If you really want to buy a mid or high end SLR, you should already be at least semi-serious about photography. Otherwise, you won't get as much out of your purchase as you should. If you're just looking for something to take snapshots of friends, then do yourself a favor and either get a high-end compact or maybe a low-end SLR.

Now, let's assume you are at least semi-serious about photography? What type of art do you like to produce? Sweeping landscapes? Portraits? Sports shots? Birds/wildlife? Gritty street/personal shots? Architecture? Macro/closeups? All of them have different answers for what type of lenses are best for you.

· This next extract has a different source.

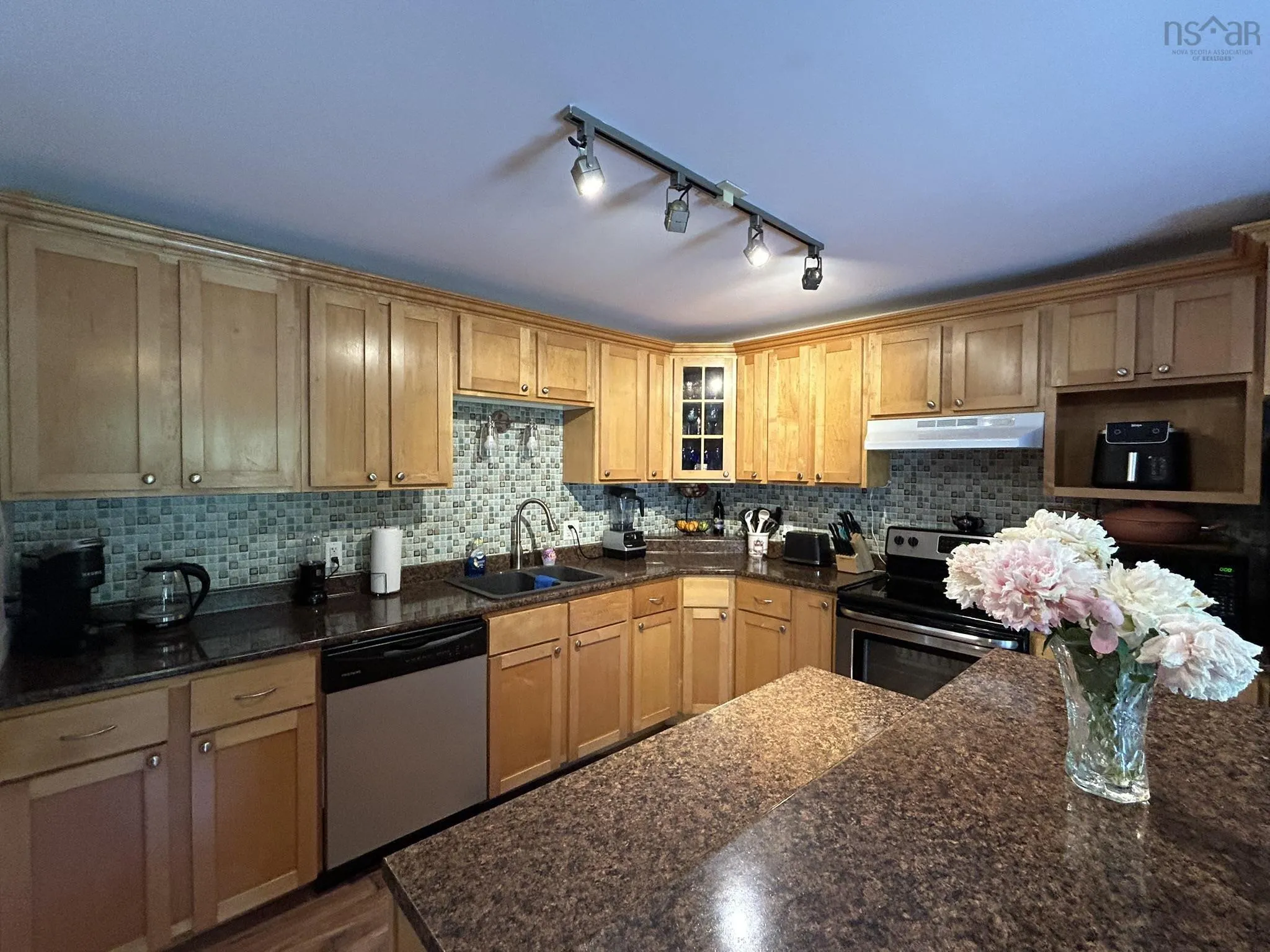 13697 Highway 1, Hants Border, NS B0P 1P0, 3 Bedrooms Bedrooms, ,2 BathroomsBathrooms,Residential,For Sale,Highway 1,202516875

In general, you can pick lenses that are mediocre for a lot of tasks, or ones that can do fewer tasks but do those really well.

For any particular photograph, there are two properties for a lens: focal length and aperture. A smaller focal length is wider-angle, and a larger focal length is narrow-angle. Small focal lengths also amplify perspective, while large focal length make the image seem flatter. 50mm has the same level of perspective as the human eye. A zoom lens can select from a range of focal lengths.

Aperture is the amount of light the lens lets in. A small (wide) aperture like 1.8 or 2.0 lets in more light but has less of the image in focus. A high (narrow) aperture like 8 or 10 lets in very little light but has most of the image in focus. Either your camera chooses the aperture for you or you choose it from the controls on the camera. Lenses are rated by the widest/smallest aperture they allow. A minimum aperture of 4 is good, and a minimum aperture of 2.8 is better because it gives you more flexibility.

If you're really into wide-angle landscapes, you really want a lens that can do well under 30mm (full frame sensor) or 17mm (crop sensor). In the Canon world, the good lens for that is 16-35/2.8L. It also works well in confined spaces and low light, like wedding receptions. But, the perspective distortion from 16mm makes people look funny, so you have to be further away.

If you want to do people/street photography, you want 50mm-100mm. Though I've also been able to get a lot of good outdoor reception shots from across a gathering with 100-200mm. The advantage there is there's no camera nearby so people relax. Image stabilization also helps here, since you might have to react faster and move around a lot.

If you want sports or wildlife photography, you want 300mm or greater. Be aware that a high end 400mm lens is more than your entire budget.

The kit lens for a 7D is a 24-105/4L IS. I have that lens, and it's very good for portraits and street photography and good for landscapes. I actually have that lens on my 5D most of the time, with a crop body and a 70-200/4 for mild telephoto shots and some primes for lower-light shots. I don't do sports or wildlife photography, or I'd want a still longer lens for that.

For most general-purpose people shots, the 24-105 that comes with the 7D works very well. Since the 7D is full frame, that's wider (with less distortion) than the 17-88 mentioned before on a crop body.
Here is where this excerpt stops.